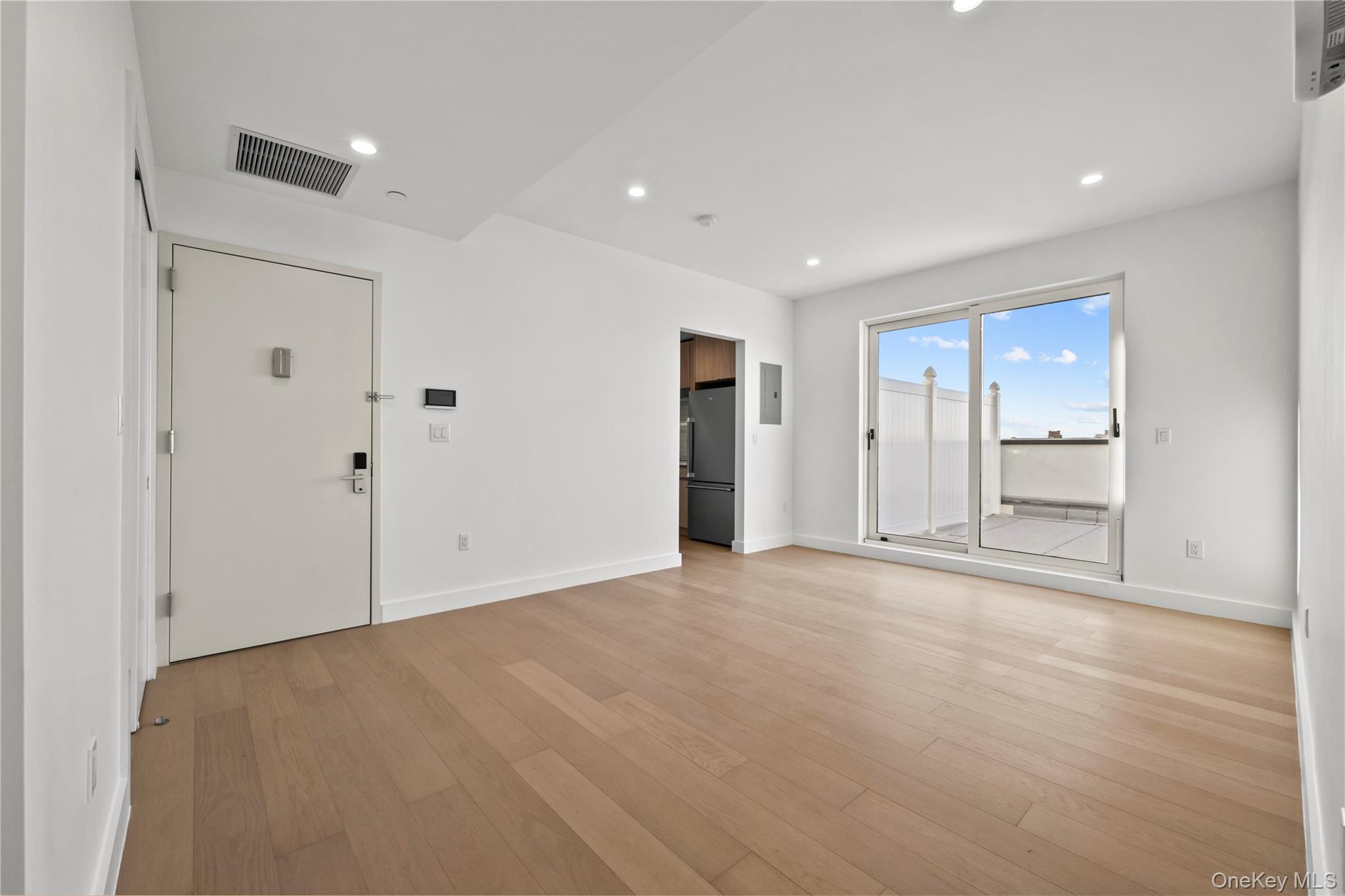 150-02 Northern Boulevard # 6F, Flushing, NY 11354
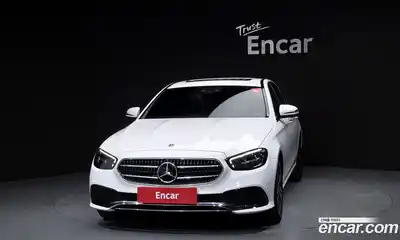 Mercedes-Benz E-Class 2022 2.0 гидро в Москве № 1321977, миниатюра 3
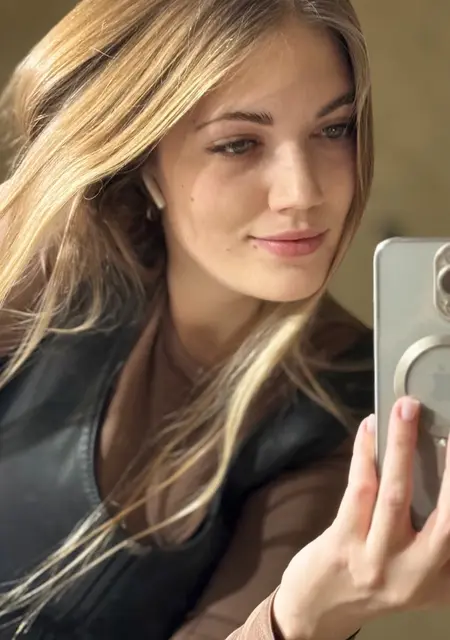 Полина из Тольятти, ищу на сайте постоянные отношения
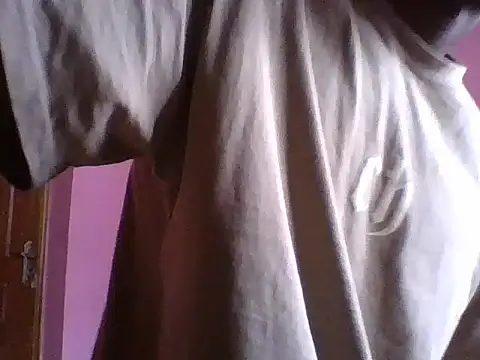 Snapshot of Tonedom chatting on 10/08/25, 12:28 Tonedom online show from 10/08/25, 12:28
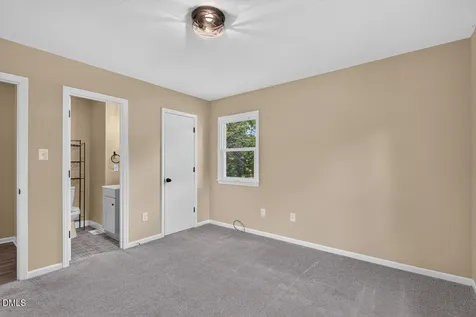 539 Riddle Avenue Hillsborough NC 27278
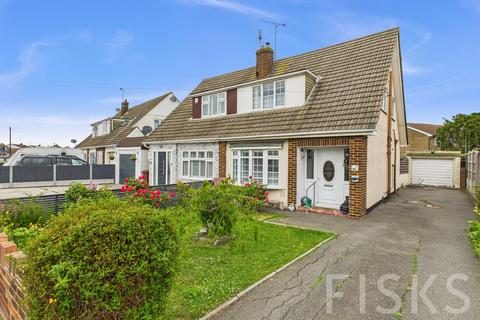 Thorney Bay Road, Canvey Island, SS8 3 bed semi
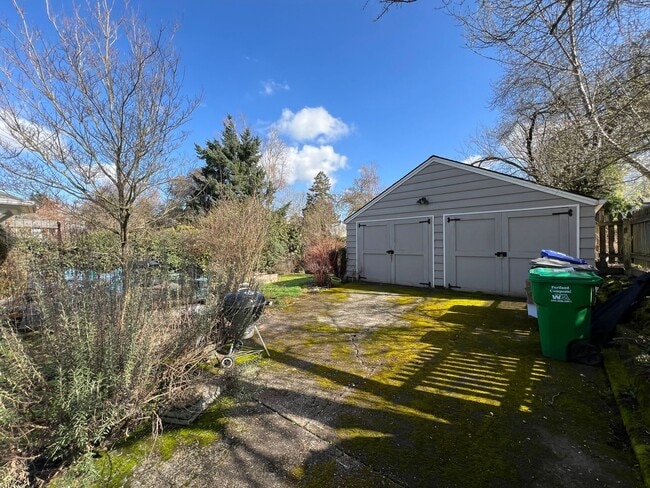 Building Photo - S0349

• • • • • • •

§ WORK INSTRUCTION:
When you retype the listing, keep every line exactly as it is and drop the pictures.

§ RESULT BELOW:
 150-02 Northern Boulevard # 6F, Flushing, NY 11354
 Mercedes-Benz E-Class 2022 2.0 гидро в Москве № 1321977, миниатюра 3
 Полина из Тольятти, ищу на сайте постоянные отношения
 Snapshot of Tonedom chatting on 10/08/25, 12:28 Tonedom online show from 10/08/25, 12:28
 539 Riddle Avenue Hillsborough NC 27278
 Thorney Bay Road, Canvey Island, SS8 3 bed semi
 Building Photo - S0349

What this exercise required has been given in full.